- What to do: What you give back from the listing below should be an exact copy of the lines from the one with "CARTIER Must Line" down to the one with "LIVE Patriots Daily: Post-bye week mailbag", and it should contain no pictures.

- Stored data:
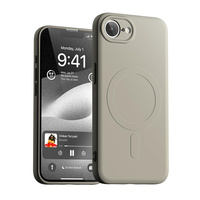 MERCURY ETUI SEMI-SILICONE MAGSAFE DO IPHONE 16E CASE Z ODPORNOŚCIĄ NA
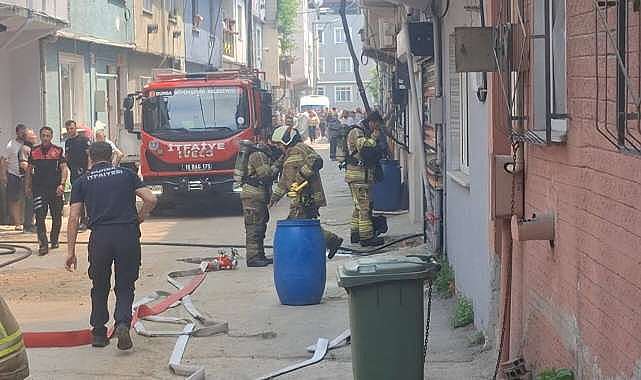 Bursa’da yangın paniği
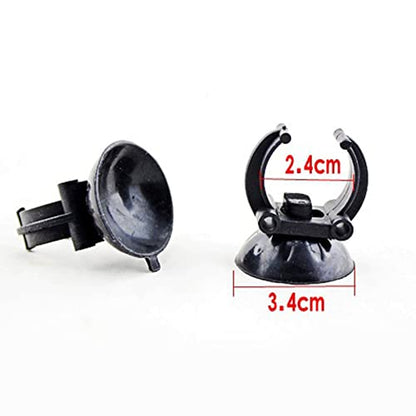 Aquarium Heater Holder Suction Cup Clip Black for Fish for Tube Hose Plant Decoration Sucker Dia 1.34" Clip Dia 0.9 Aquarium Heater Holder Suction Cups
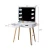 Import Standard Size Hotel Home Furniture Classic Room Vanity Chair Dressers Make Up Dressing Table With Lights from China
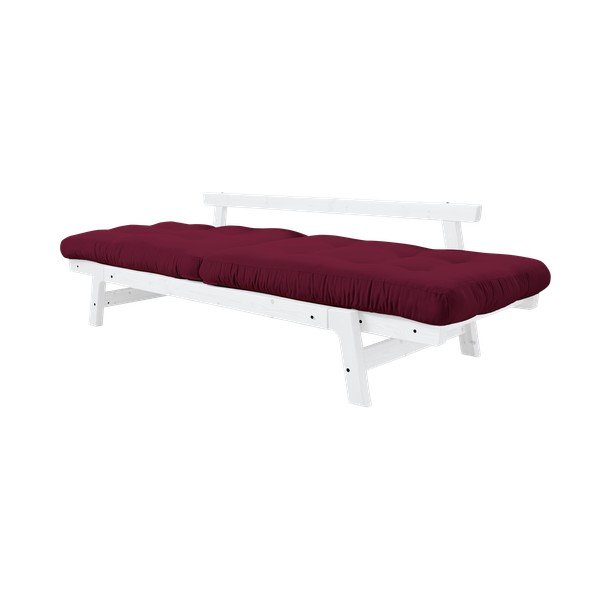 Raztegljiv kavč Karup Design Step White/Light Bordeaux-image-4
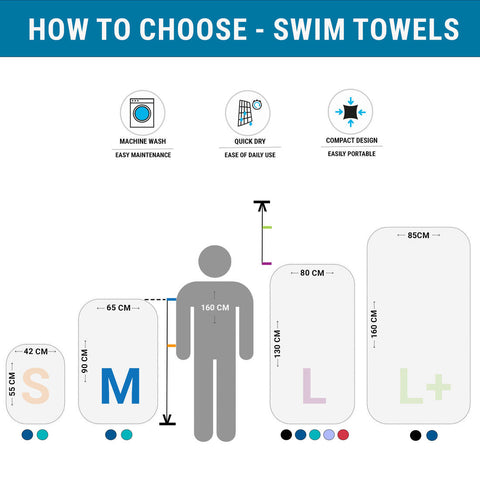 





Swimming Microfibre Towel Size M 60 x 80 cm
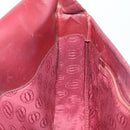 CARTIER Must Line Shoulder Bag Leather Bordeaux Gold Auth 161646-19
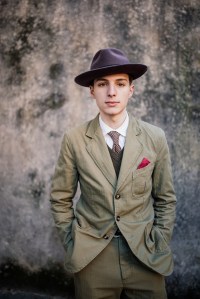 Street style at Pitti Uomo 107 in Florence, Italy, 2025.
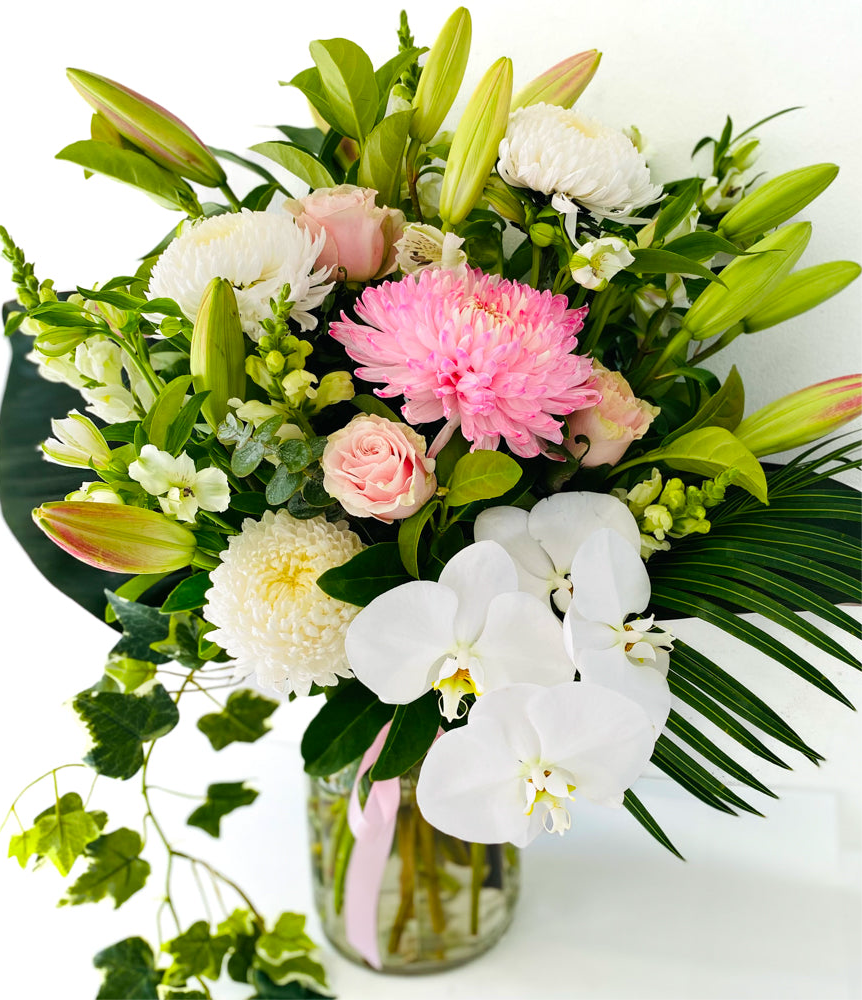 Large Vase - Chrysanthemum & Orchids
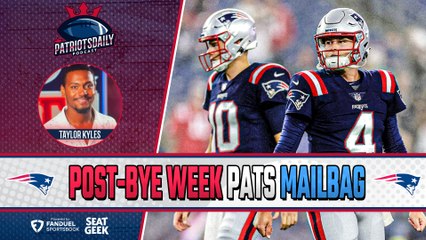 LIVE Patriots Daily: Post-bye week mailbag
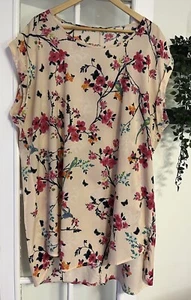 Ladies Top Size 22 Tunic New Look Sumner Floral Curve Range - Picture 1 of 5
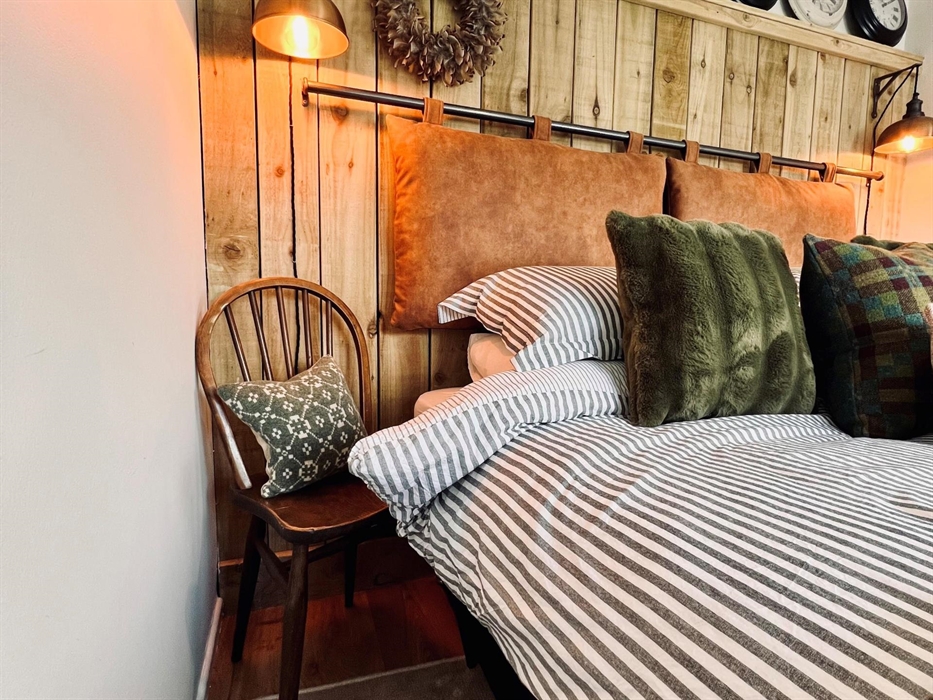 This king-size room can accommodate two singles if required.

- Solution to the problem:
 CARTIER Must Line Shoulder Bag Leather Bordeaux Gold Auth 161646-19
 Street style at Pitti Uomo 107 in Florence, Italy, 2025.
 Large Vase - Chrysanthemum & Orchids
 LIVE Patriots Daily: Post-bye week mailbag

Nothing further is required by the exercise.